Pictures with short captions
'''

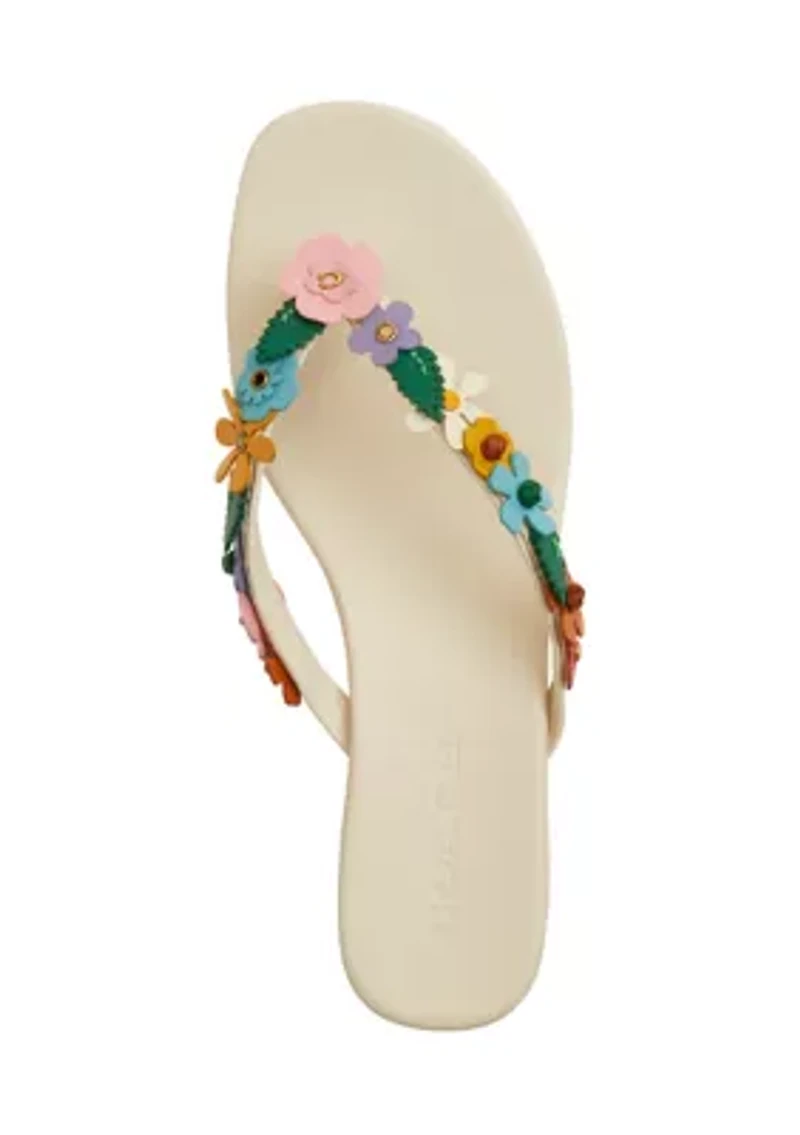 Tea Rose Kitten Heel Thong Sandals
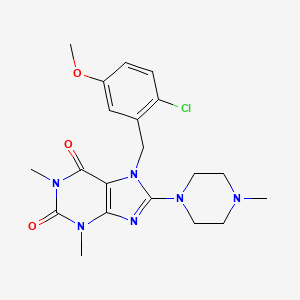 molecular formula C20H25ClN6O3 B3500532 7-(2-chloro-5-methoxybenzyl)-1,3-dimethyl-8-(4-methyl-1-piperazinyl)-3,7-dihydro-1H-purine-2,6-dione 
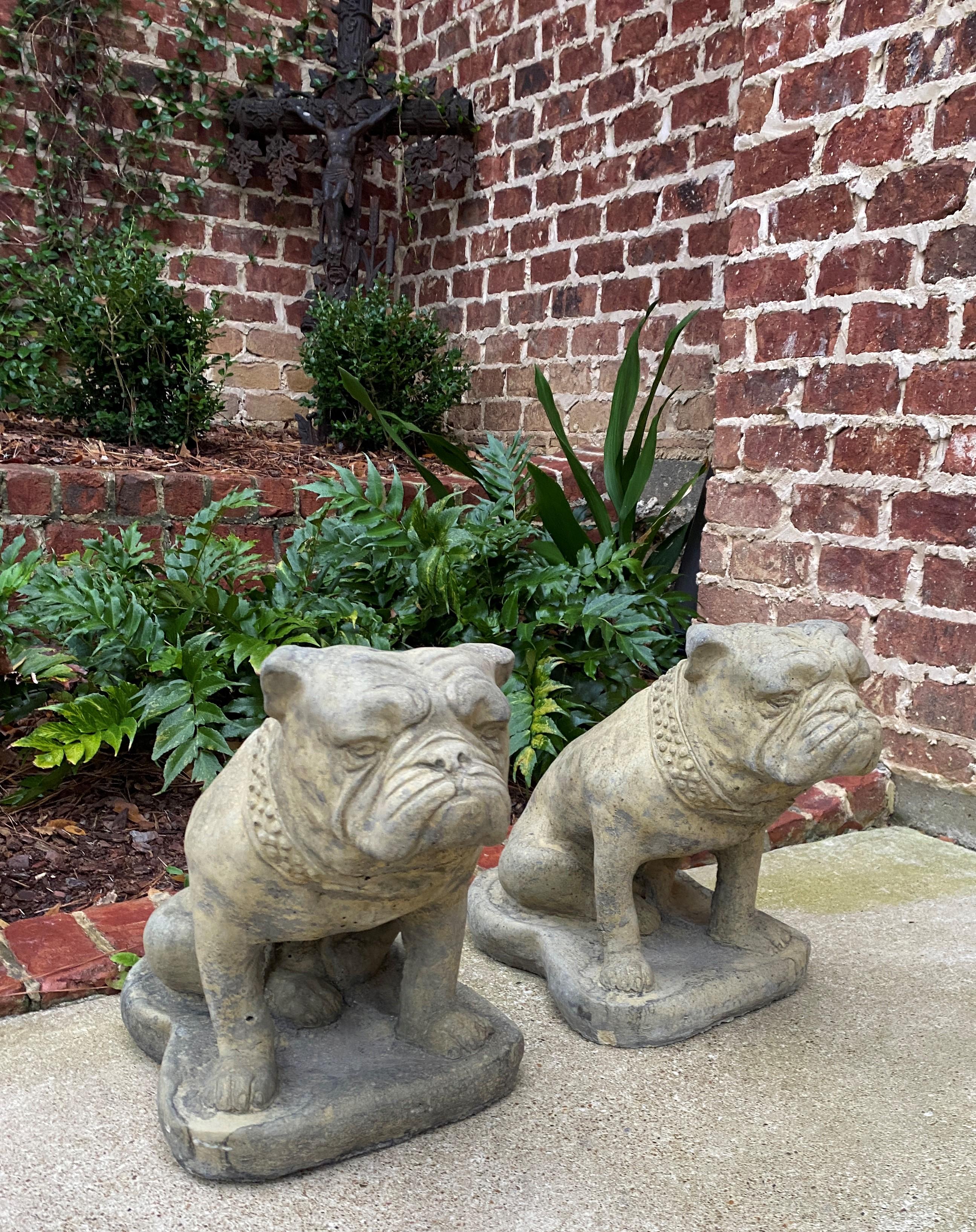 Vintage pair Cast Stone Seated BULLDOG Statues~~Garden Figures~~Architectural Yard Decor

Original aged patina

 The perfect accent piece or focal point in a garden, yard, flower bed, or sunroom 

 Each dog is 16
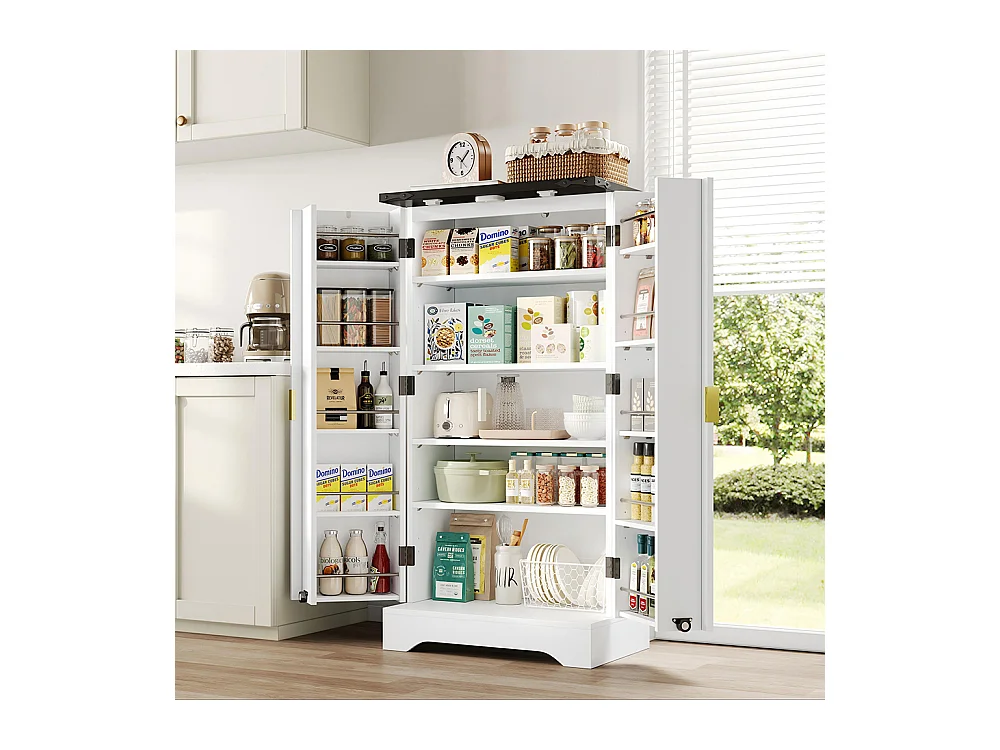 Vaisselier cuisine LED capteur étagère épices spacieuse double porte étagères réglables design moderne blanc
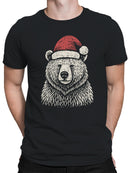 Festive Bear in Santa Hat Men's T-shirt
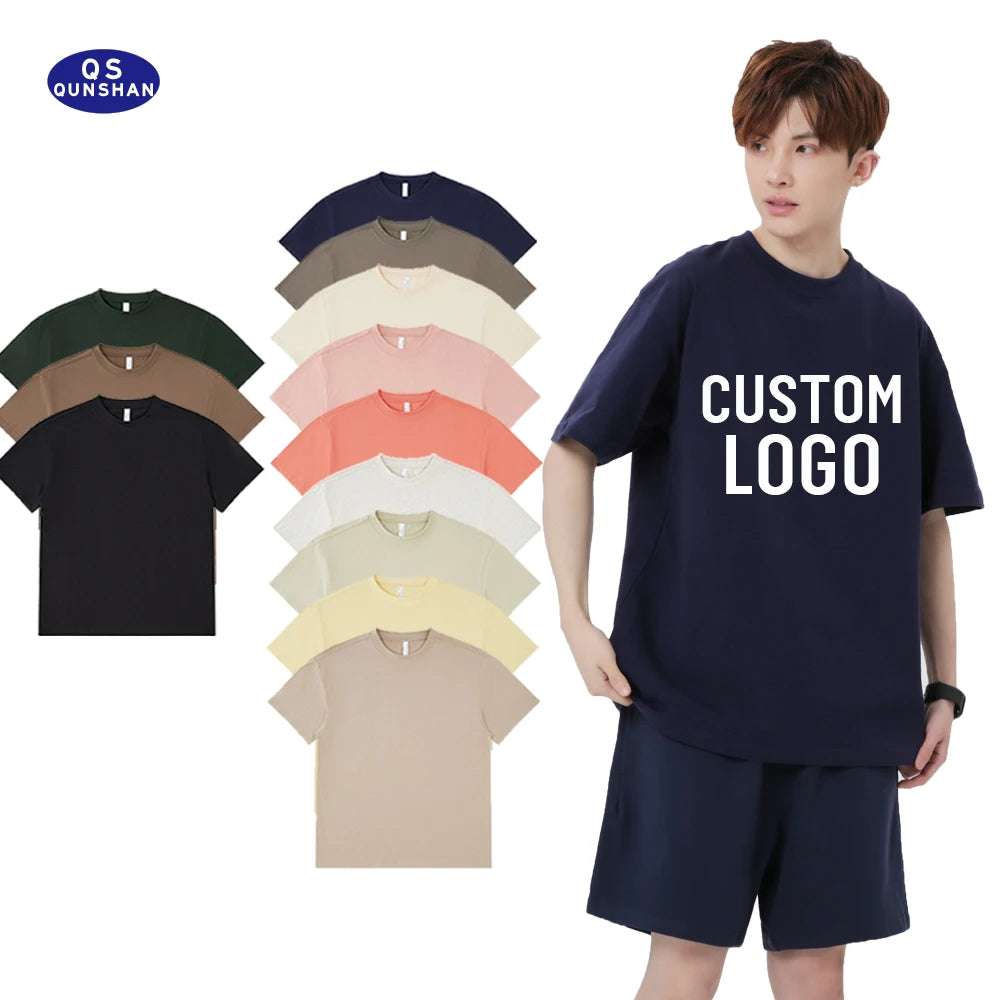 Hot Sale Casual Street Men's Pure Cotton 275gsm Boxy T-Shirt Screen Printing Logo Dtg Blank Oversized Cropped T-Shirts for Men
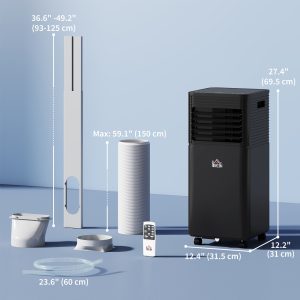 HOMCOM 10000 BTU Portable Air Conditioner with Fan & Dehumidifier Mode, Quiet AC Unit with Remote Control, 24-Hour Timer, Black - Image 12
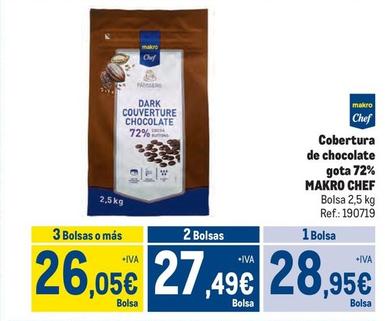 Oferta de Makro Chef - Cobertura De Chocolate Gota 72% por 28,95€ en Makro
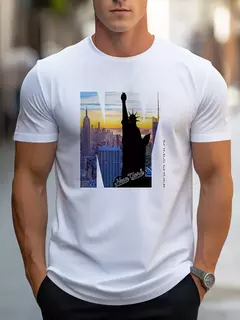 Camiseta holgada de verano 100% algodón puro para hombre, talla grande NY, estampado gráfico, informal, ajustada, cuello redondo, manga corta - buy online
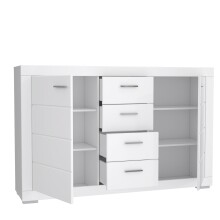 Sideboard >SNOW< 4 Schübe, 2 Türen, in weiß - 170,7x108,8x41,4cm (BxHxT)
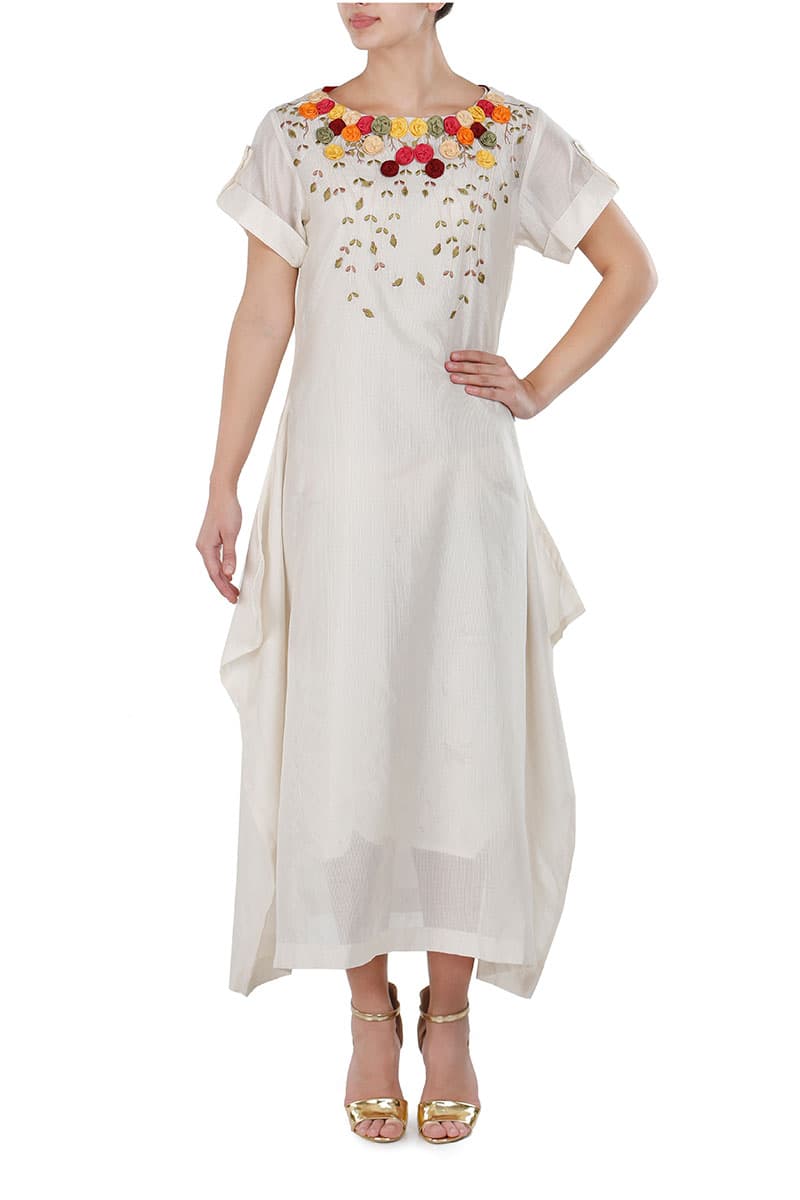 Floral Applique Kurta - samantchauhan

'''

What you need to do - Return exactly the lines that appear in the data above between the line containing "Vaisselier cuisine LED" and the line containing "Sideboard >SNOW< 4", both of which are included, and leave the pictures out.

Solution to the exercise -
 Vaisselier cuisine LED capteur étagère épices spacieuse double porte étagères réglables design moderne blanc
 Festive Bear in Santa Hat Men's T-shirt
 Hot Sale Casual Street Men's Pure Cotton 275gsm Boxy T-Shirt Screen Printing Logo Dtg Blank Oversized Cropped T-Shirts for Men
 HOMCOM 10000 BTU Portable Air Conditioner with Fan & Dehumidifier Mode, Quiet AC Unit with Remote Control, 24-Hour Timer, Black - Image 12
 Oferta de Makro Chef - Cobertura De Chocolate Gota 72% por 28,95€ en Makro
 Camiseta holgada de verano 100% algodón puro para hombre, talla grande NY, estampado gráfico, informal, ajustada, cuello redondo, manga corta - buy online
 Sideboard >SNOW< 4 Schübe, 2 Türen, in weiß - 170,7x108,8x41,4cm (BxHxT)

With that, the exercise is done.